Lawrence Solomon described pollution as an infringement of people’s property rights back in 1978 in his book The Conserver Solution, published when Energy Probe was still part of Pollution Probe. (The groups parted company over administrative differences, including fundraising, and, no doubt, differences of philosophy. Under the leadership of Dr. Donald Chant, Pollution Probe spent the next 20 years pursuing a futile central-planner’s dream to build a large toxic waste treatment plant that no community wanted.) The Conserver Solution identified the use of the courts as a way to make polluters pay (or to internalize costs). Such arguments were continued in Solomon’s later book, Energy Shock.

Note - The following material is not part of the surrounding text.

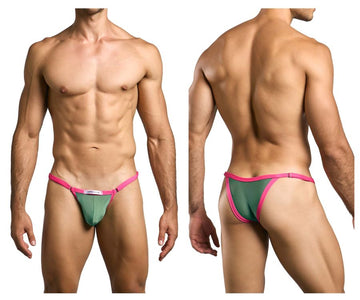 JUSTIN+SIMON XSJ12 Bikini Color New Green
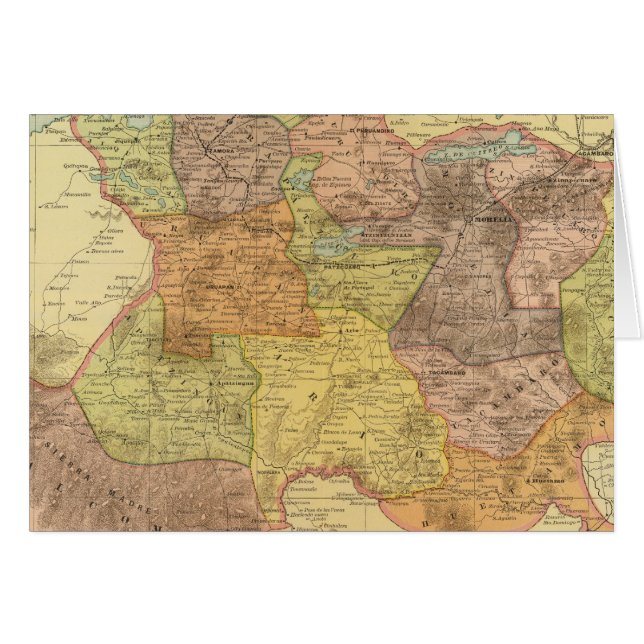 Michoacan (Devant horizontal)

Solomon believes that ordinary citizens around the world passionately defend their lands, waters, forests, and fisheries – if they have the tools to do so. These days Solomon heads up the Urban Renaissance Institute division of EPRF and writes a regular column for the editorial pages of the Financial Post. His articles have effectively skewered government folly on a range of issues, including ludicrous schemes to subsidize ethanol production. One article series that was as original as it was devastating, exposed the way agricultural subsidies sustain uneconomic farms in rural areas that should be allowed to return to the wild.

Removal of subsidies and the opening up of protected markets to competition is a major theme in Solomon’s work and his ideas permeate across all the EPRF divisions. Solomon is currently working on a monograph that he says will demonstrate how urban sprawl is the direct result of government policy and hidden subsidies.

"Without the subsidies," Solomon says, "cities would evolve with greater density and efficiency."

Asked about other areas the EPRF is addressing, Solomon points to the ongoing work of Patricia Adams, executive director of the organization’s Probe International division, the work is an extrapolation from the ideas Adams presented in her 1991 book Odious Debts which exposed problems in foreign aid and recommended remedies for various loose government lending practices.

Asked whether he feels discouraged by society’s slow pace in adopting the EPRF’s ground-breaking ideas, Solomon replies that he feels quite the opposite.

"I’ve been around long enough to see many of our ideas take root and have an effect," he says. "I’d say we’re a pretty optimistic group."

Guy Crittenden is editor-in-chief of HazMat Management Magazine.